Is 62,1-5; Sal 95; 1Cor 12,4-11; Gv 2,1-11

 


Non hanno più fede


Paolo Veronese, Nozze di Cana (1563), Museo del Louvre, Parigi
Paolo Veronese, Nozze di Cana (1563), Museo del Louvre, Parigi

“Il terzo giorno vi fu una festa di nozze a Cana di Galilea e c’era la madre di Gesù. Fu invitato alle nozze anche Gesù con i suoi discepoli. Venuto a mancare il vino, la madre di Gesù gli disse: Non hanno più vino. E Gesù le rispose: Donna, che vuoi da me? Non è ancora giunta la mia ora. Sua madre disse ai servitori: Qualsiasi cosa vi dica, fatela … E Gesù disse loro: Riempite d’acqua le anfore; e le riempirono fino all’orlo. Disse loro di nuovo: Ora prendetene e portatene a colui che dirige il banchetto. Ed essi gliene portarono” (Gv 2,1-8).

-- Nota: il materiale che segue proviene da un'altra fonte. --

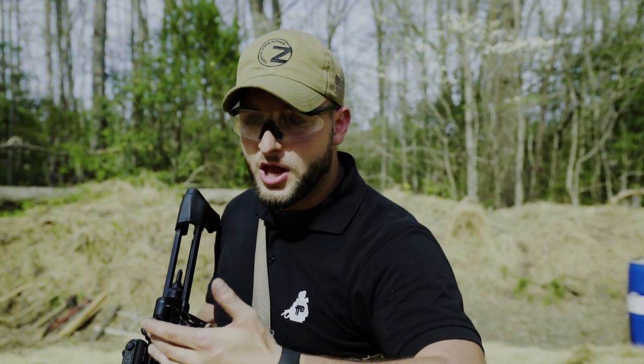Since we have the Zenith Z5 RS in full auto configuration, I'll take this chance to do a short video on recoil management. First, I will show how to do proper recoil control with semi-auto, short bursts, and then full auto.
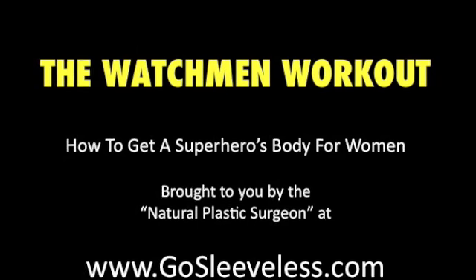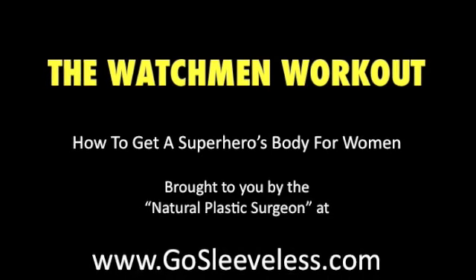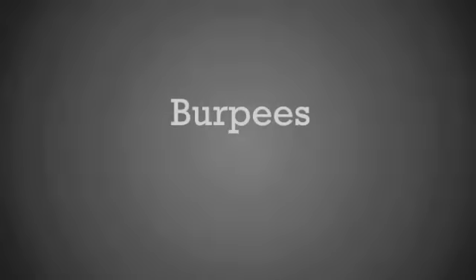Hey, this is Rylan Duggan from GoSleeveless.com here with my Watchmen workout for women. These are the exercise videos and you can find the rest of the details at GoSleeveless.com.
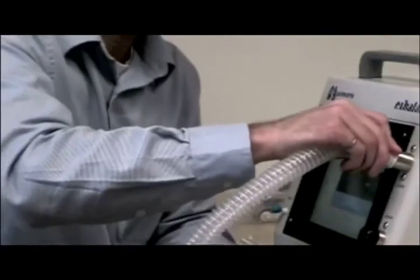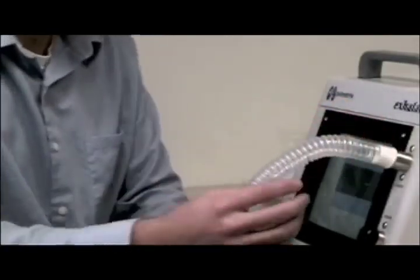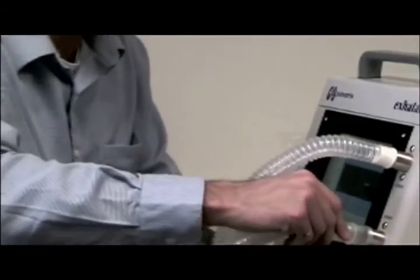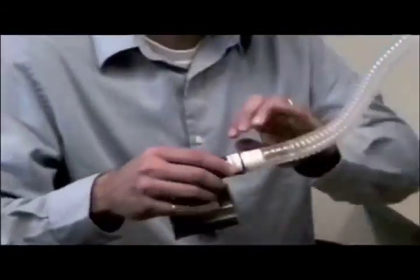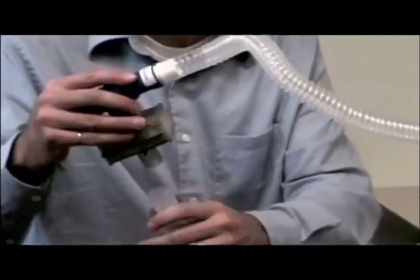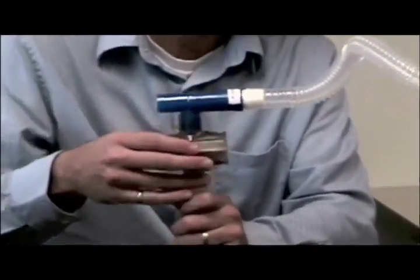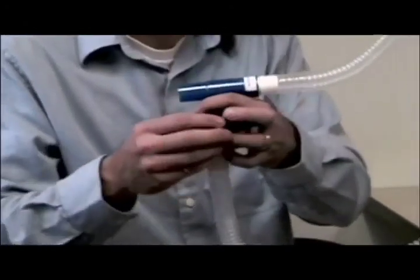Two sets of flexible tubing are used to connect the system to the user — one for the air they breathe in, and the other for the air they breathe out. Each person gets their own kit to breathe through. For your safety, it contains a filter and one-way valve to prevent inhaling any particles that prior users may have exhaled.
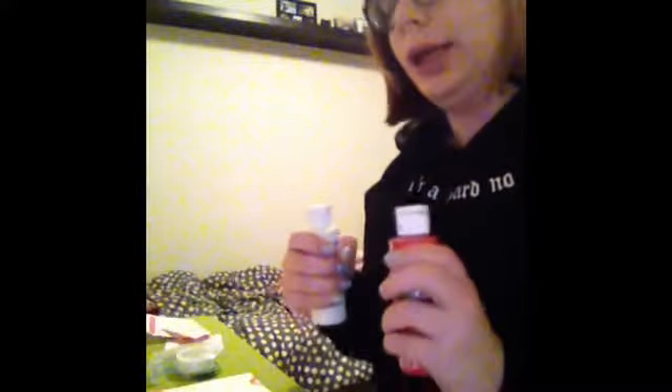Hi guys, this is Charlene. I'm going to show you how to make a good Valentine frame so you can give it to your boyfriend, your best friend, or whatever.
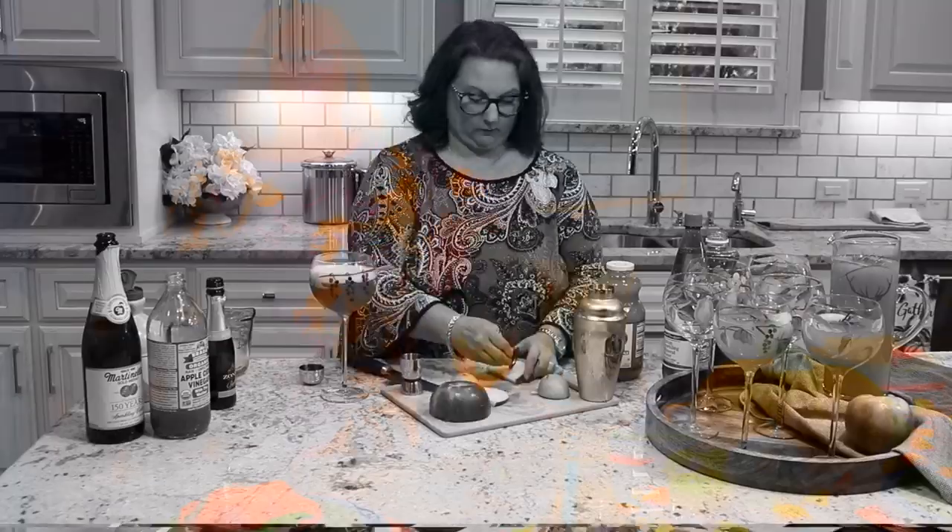Hey guys, it's Christy, welcome back to my channel. Today I'm going to be sharing with you how I put together my no-fuss Thanksgiving tablescape. When it comes to holiday entertaining, things don't have to be complicated. This table was so easy to put together. I'm also going to be sharing with you how to make a delicious apple cider cocktail, so make sure you stay tuned to the end of the video for that recipe.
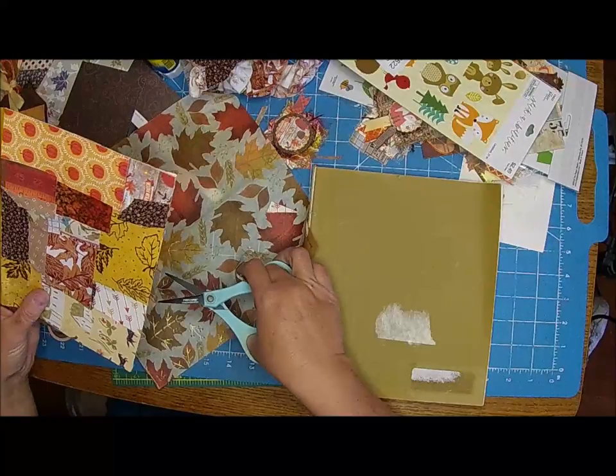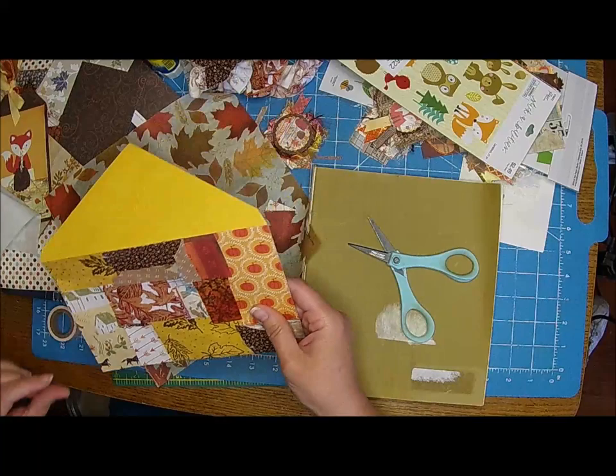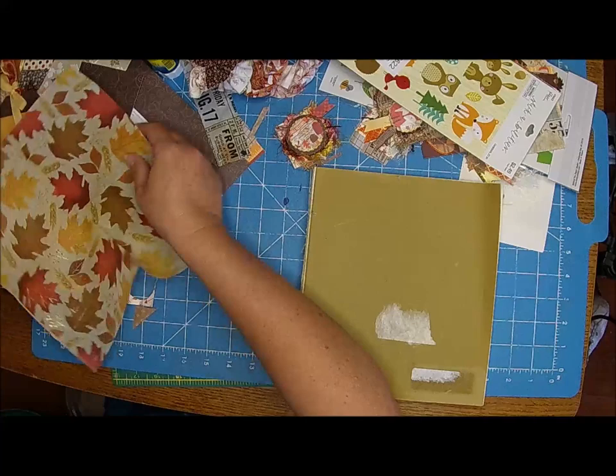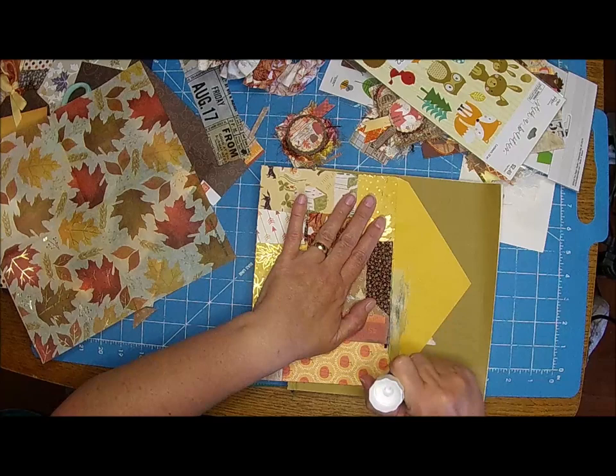I'm loving how this is turning out. We're going to go ahead and put this gorgeous napkin on here too, because you can easily attach a napkin with a glue stick.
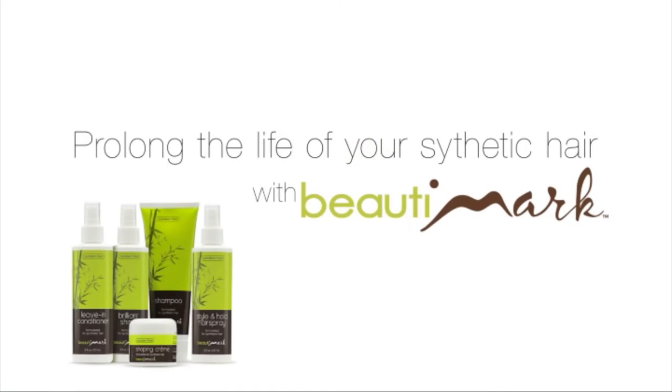To take the best care of your synthetic wigs, we recommend using products designed for synthetic fiber.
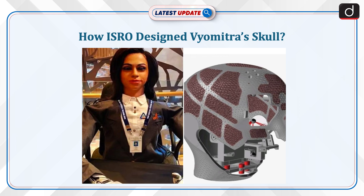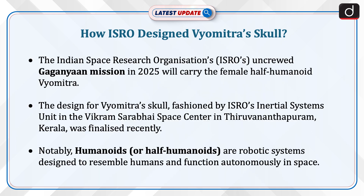Welcome to the latest update program. The topic of discussion is how ISRO designed Vyom Mitra's skull. ISRO's uncrewed Gaganyaan mission in 2025 will carry the female half-humanoid Vyom Mitra. The design for Vyom Mitra's skull, fashioned by ISRO's Inertial Systems Unit at the Vikram Sarabhai Space Center in Thiruvananthapuram, Kerala, was finalized recently. Humanoids or half-humanoids are robotic systems designed to resemble humans and function autonomously in space.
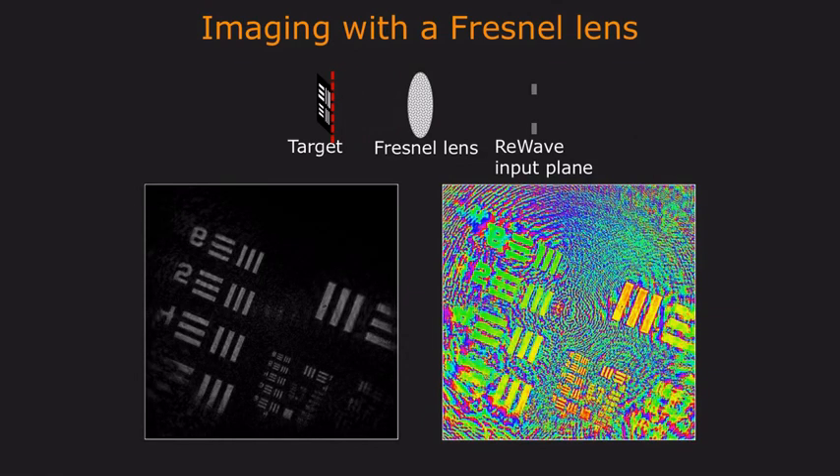Notice in the image on the left, we have a high-quality, sharp image of our resolution chart.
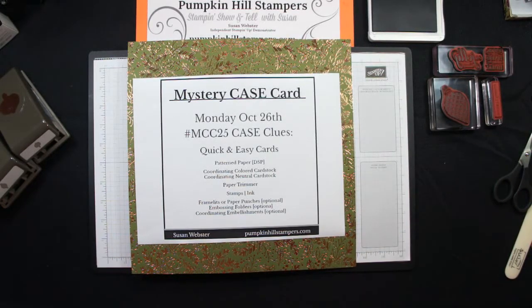Hello everybody, Susan here with Pumpkin Hill Stampers. It's Monday, October 26, and we have a new Mystery Case Card, MCC 25, Mystery Case Card Challenge 25.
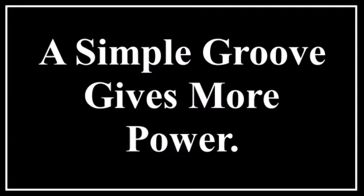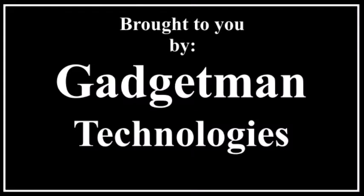A simple groove gives more power. Brought to you by Gadget Man Technologies. Well, I'm in Fort Benton, Montana, at a place called Mark Squires' house, who's the legendary mechanic for the town.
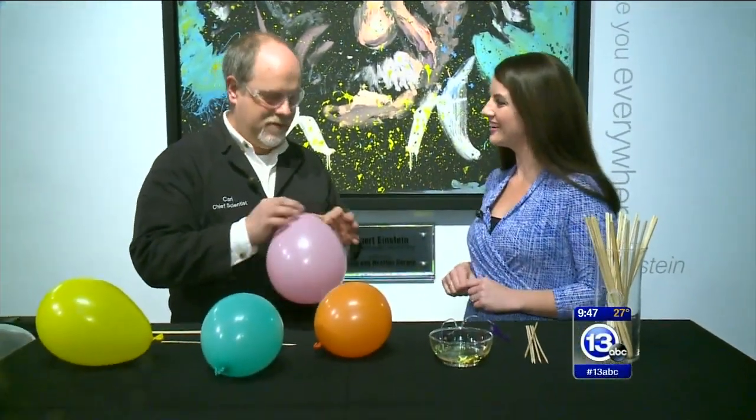Hi everybody, it is Saturday, that means it is time to imagine it. We are here at the Imagination Station with Carl Nelson. Hey Carl. Hello. How's it going? Good.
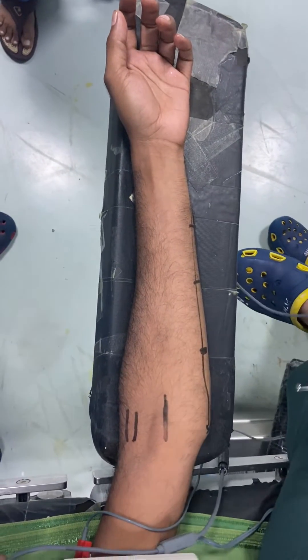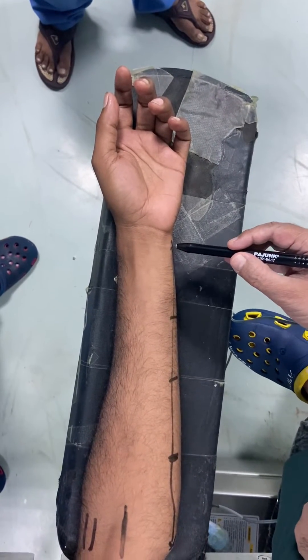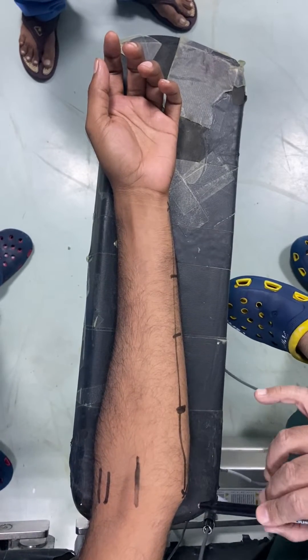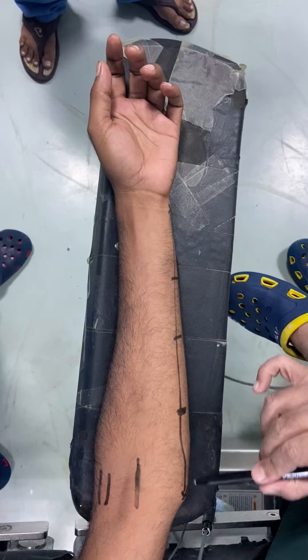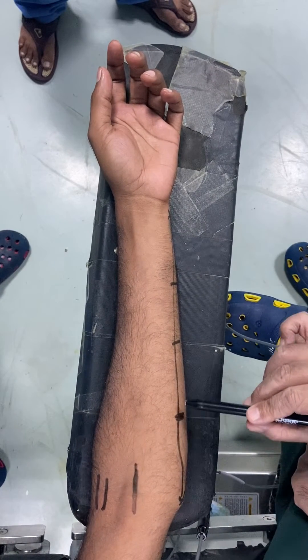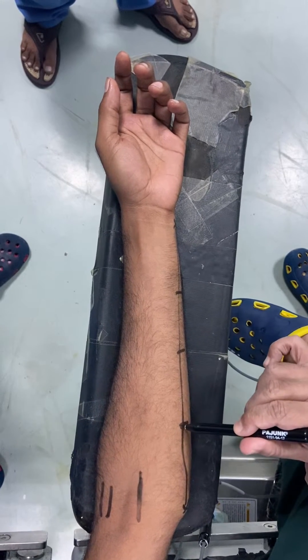After the median nerve block, we will go for the ulnar nerve. For the ulnar nerve, I'll mark the ulnar styloid, then the medial part of the humerus and draw a line. Then I will divide into the proximal one-fourth and distal three-fourths, and at that junction I'll put the needle.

L’idea di collocare l’episodio delle Nozze di Cana nella liturgia della seconda Domenica del Tempo Ordinario, lascia trapelare un’interpretazione teologica di estremo rilievo: da una parte, essa ci consente di intuire un ulteriore sviluppo del piano rivelativo di Dio, dall’altra, di capire il modo di come tradurlo nel vissuto quotidiano, visto che insieme al Battesimo, costituisce l’episodio inaugurale della predicazione pubblica di Gesù. Se con l’episodio del Battesimo la Chiesa ci indica la condizione per accedere alla comunione di vita con Dio, con quello di Cana ci ribadisce esplicitamente il desiderio di Dio di condividere, anzi, di sposare la nostra causa, manifestando in questo modo la sua piena adesione alla nostra natura umana. Nell’uno e nell’altro caso gli episodi alludono a una trasformazione e più precisamente al passaggio da una vita governata dalla legge della natura a una vita condotta secondo la logica dello Spirito, i cui carismi sono all’origine della vita ecclesiale, come afferma Paolo nell’odierno brano della prima lettera ai Corinti (1Cor 12,4-11). Pertanto porsi alla sequela di Gesù significa prendere coscienza di questi presupposti teologici e spirituali e fare una scelta di vita. Ancora più ora che ci troviamo all’inizio del Tempo Ordinario, il cui scopo è quello di mettere mano concretamente all’opera di conversione della nostra vita.  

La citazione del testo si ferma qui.